▶ DATA EXCERPT:

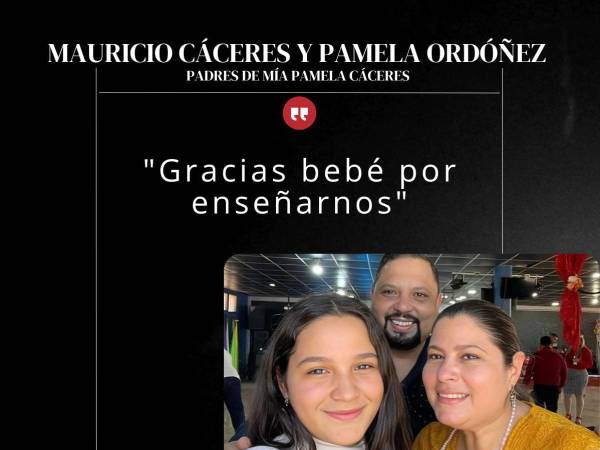 El entierro de Mía Pamela Cáceres, joven que murió en un accidente en el anillo periférico en Tegucigalpa, estuvo marcado por las conmovedoras palabras de sus padres, quienes expresaron su amor y gratitud hacia su hija. A continuación las frases más destacadas.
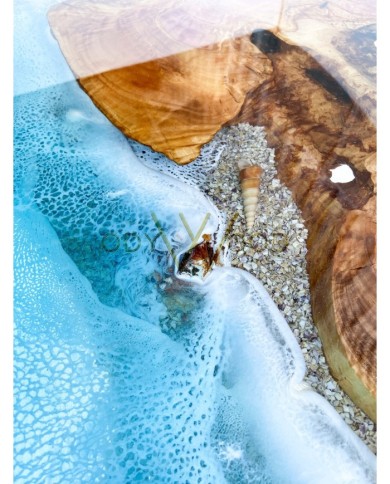 Deniz Efekti Epoksi Resin 250+250 ML (500 ML) Deniz Efekti Epoksi Resin 250+250 ML (500 ML)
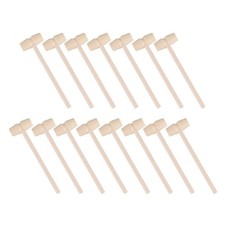 15Pcs Small Wooden Hammers Kids Mallet Pounding Toy Portable Educational Toys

▶ TASK OBJECTIVE:
Return exactly the lines from the line with "Deniz Efekti Epoksi Resin 250+250 ML (500 ML) Deniz" through the last line of the data above, both included; pictures do not go in the answer.

▶ RESULT FOR THIS EXERCISE:
 Deniz Efekti Epoksi Resin 250+250 ML (500 ML) Deniz Efekti Epoksi Resin 250+250 ML (500 ML)
 15Pcs Small Wooden Hammers Kids Mallet Pounding Toy Portable Educational Toys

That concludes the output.